Excellent, thanks. I did not see problems with the code and I am approving it.
WARNING I am afraid that other products depending on Feilong will need to be updated due to the API change. I am thinking in particular at the Go Connector for Feilong and the Terraform provider for Feilong that I am maintaining, but the ICIC guys are probably hit too for the openstack code that uses Feilong.
PLEASE When this is merged, close issue #888
I agree with you, due to which I have included a python script database_migration_md5_to_sha256.py which can be used to re-evaluate the checksums for all existing images and updates the checksum column with newly calculated values. |
Thank you for that database upgrade script, Manish. But this is not only about database contents. Your PR is also a breaking change for the API, which means that every program that uses the Feilong API will have to be rewritten. This could be mitigated though by accepting both the old parameter name ( |
Yes, thats a good suggestion, i will incorporate these changes asap for backward compatibility. |
1d116be to
f99b689
Compare
|
I have incorporated the requested changes as a fallback mechanism:
please re-review |
Thanks.

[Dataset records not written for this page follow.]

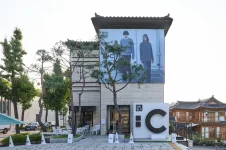 Giám đốc Sáng tạo UNIQLO Clare Waight Keller mong đến Việt Nam để tìm kiếm cảm hứng sáng tạo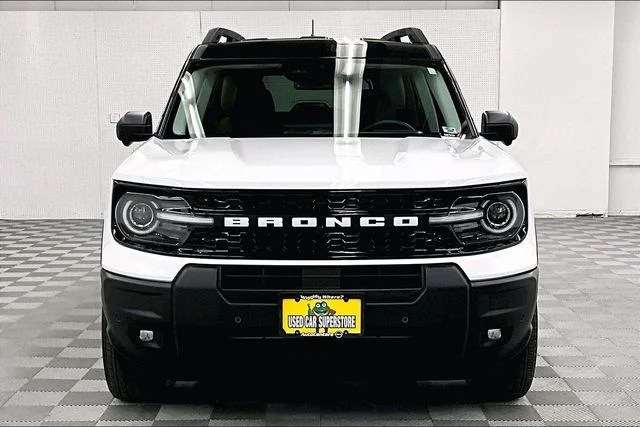 Used 2025 Oxford White Ford Outer Banks image 4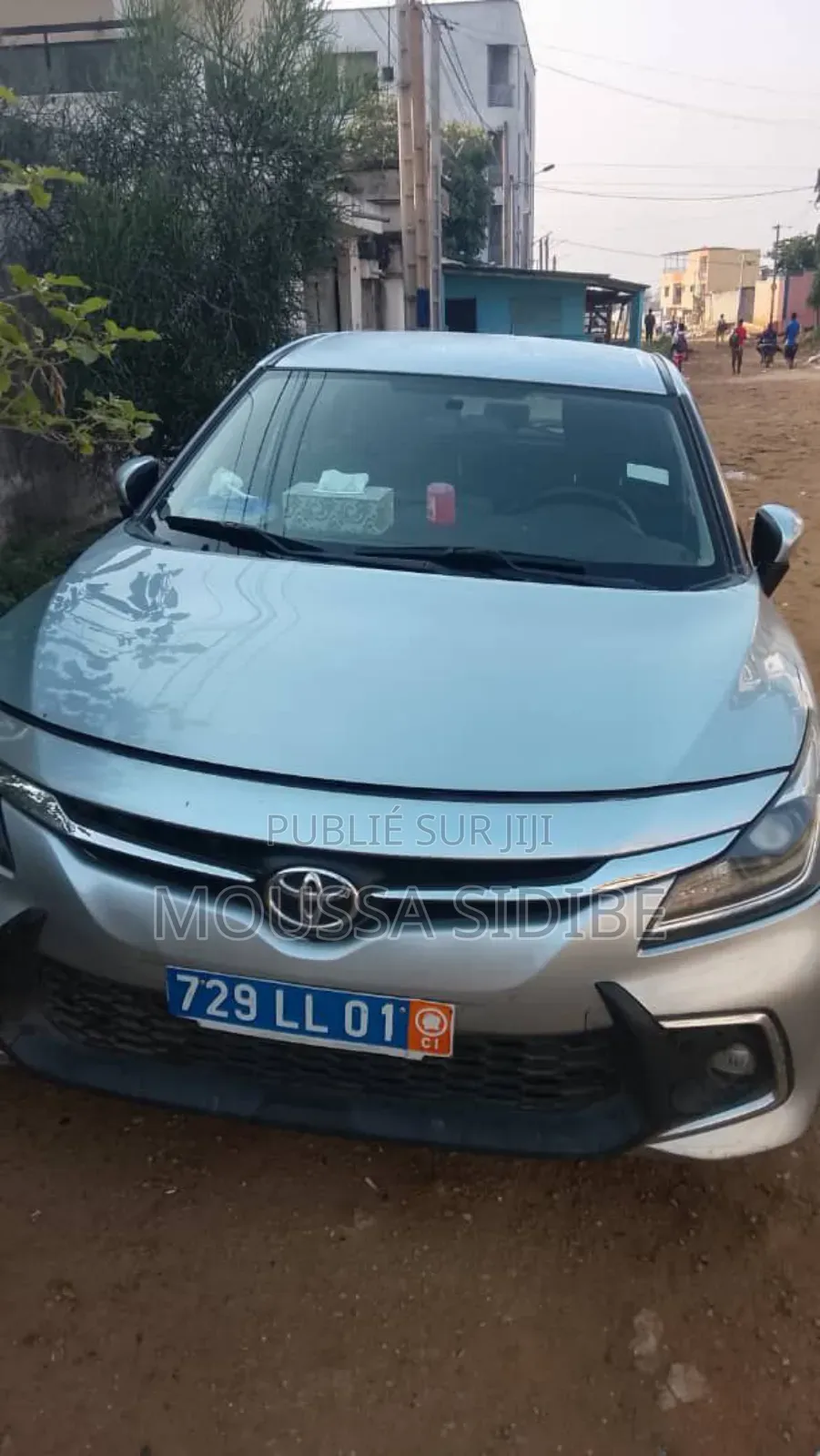 Toyota Starlet 2023 Gris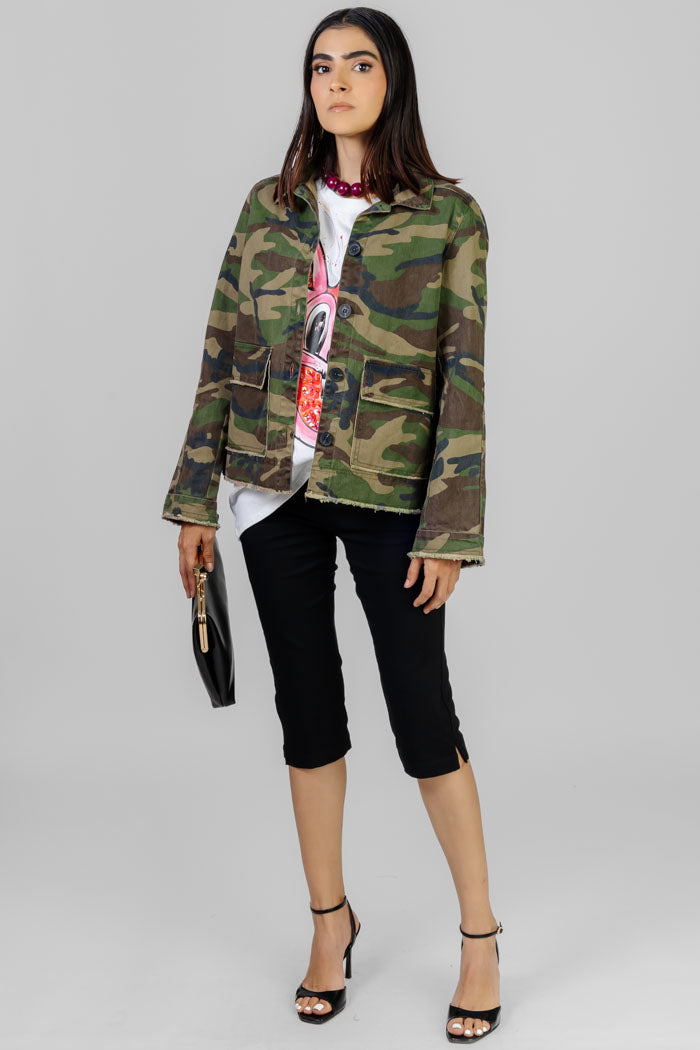 CHAQUETA ESTAMPADO CAMUFLADO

It might be you also need to accept both values in the validation code (on top of my head: |
@Bischoff Just wanted to know, if instead of using SHA256, can we use SHA512 as the hashing algorithm ?
|
da5677d to
c142f6a
Compare
|
@Bischoff I've updated the default algorithm to SHA512 across the entire project, and updated parameter_types.py as requested to accept md5sum as input for backward compatibility. A couple of small enhancements: Glance supports Let me know your thoughts on this !! |
c142f6a to
c34802d
Compare
Replace MD5-based checksum generation with SHA-512 to address known MD5 collision vulnerabilities and improve image integrity guarantees. SHA-512 produces a 128-character hex digest, significantly stronger than MD5's 32-character output. - smtclient: rename _get_md5sum() -> _get_checksum(), switch hashlib call to sha512(); update all callers and internal variable names - database: rename md5sum column to checksum in image table DDL, SQL INSERT statements, and image_keys_list mapping - parameter_types: replace md5sum field with checksum (128-char SHA-512 pattern); retain md5sum as fallback key in import comparison for backward compatibility with older callers - returncode: update error messages rs=3/4 to reference checksum - file.py: switch file_import to sha512, rename md5sum return key to checksum - api.py: update image_import/image_export docstrings - docs: update parameters.yaml, restapi.rst, makeimage.rst - tests: update all _get_md5sum mock patches to _get_checksum, replace 32-char MD5 sample hashes with 128-char SHA-512 values - add database_migration_md5_to_sha512.py to recalculate checksums for existing images already stored in sdk_image.sqlite Signed-off-by: Manish Kumar <Manish.Kumar176@ibm.com>
c34802d to
decb185
Compare
|
@Bischoff Could you please re-review this PR |
There was a problem hiding this comment.
@Bischoff Just wanted to know, if instead of using SHA256, can we use SHA512 as the hashing algorithm ?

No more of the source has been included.